Въ слѣдующемъ вѣкѣ тосканскій языкъ окончательно былъ признанъ общимъ литературнымъ итальянскимъ языкомъ и на немъ стали писать во всей Италіи. Сами флорентинцы обратились въ это время къ изученію древней греко-латинской литературы и начали въ Европѣ возрожденіе древней цивилизаціи. Первымъ любителемъ классической древности явился столь національный и исполненный духа новаго времени поэтъ Петрарка. Въ эпоху Медичи Флоренція стояла во главѣ литературнаго движенія. Въ искуствѣ Флоренція имѣла въ XV в. Брунеллеско, Донателло и Леонардо да-Винчи. Подъ владычествомъ Медичи родились Микель Анджело, Буонаротти и Галилей.

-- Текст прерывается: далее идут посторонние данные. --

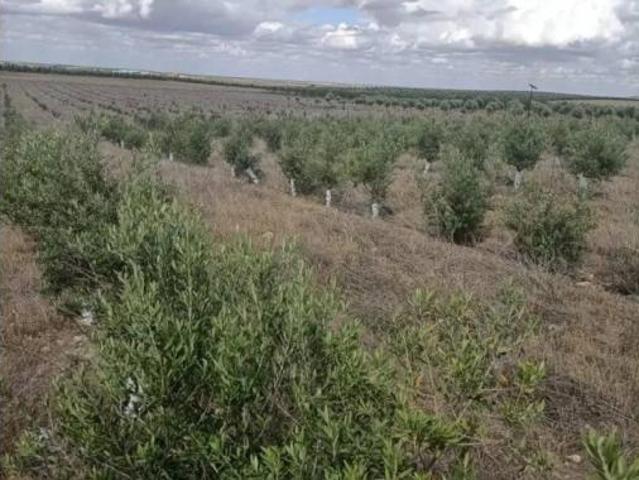 Terreno en venta en Mascaraque, Toledo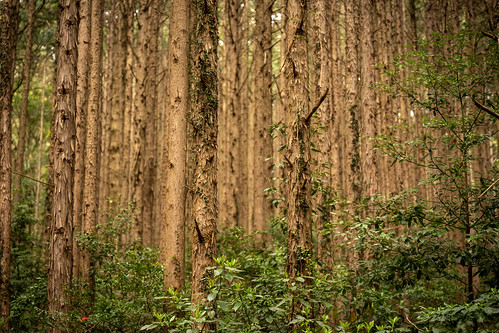 Tsukuba's forest ©  Raita Futo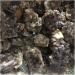 for Natural Gem Smoky Quartz Cluster Crystal Spiritual Products for Decoration - Buy Online on GoSupps.com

Такимъ образомъ Флоренція была полна умственной жизни въ то время, какъ вся Европа еще коснѣла въ глубочайшемъ варварствѣ.

В. Зайцевъ.
"Дѣло", № 3, 1878



  1. О Гильдебрандѣ рекомендуемъ читателю посмертное сочиненіе Вильменя: Histoire de Grégoire VII, 2 v. Paris, 1873, положительно лучшее изъ всѣхъ сочиненій покойнаго непремѣннаго секретаря французской академіи. Онъ работалъ надъ нимъ сорокъ лѣтъ.
  2. Новый годъ начинался тогда 23 марта. (Annus Incarnationis).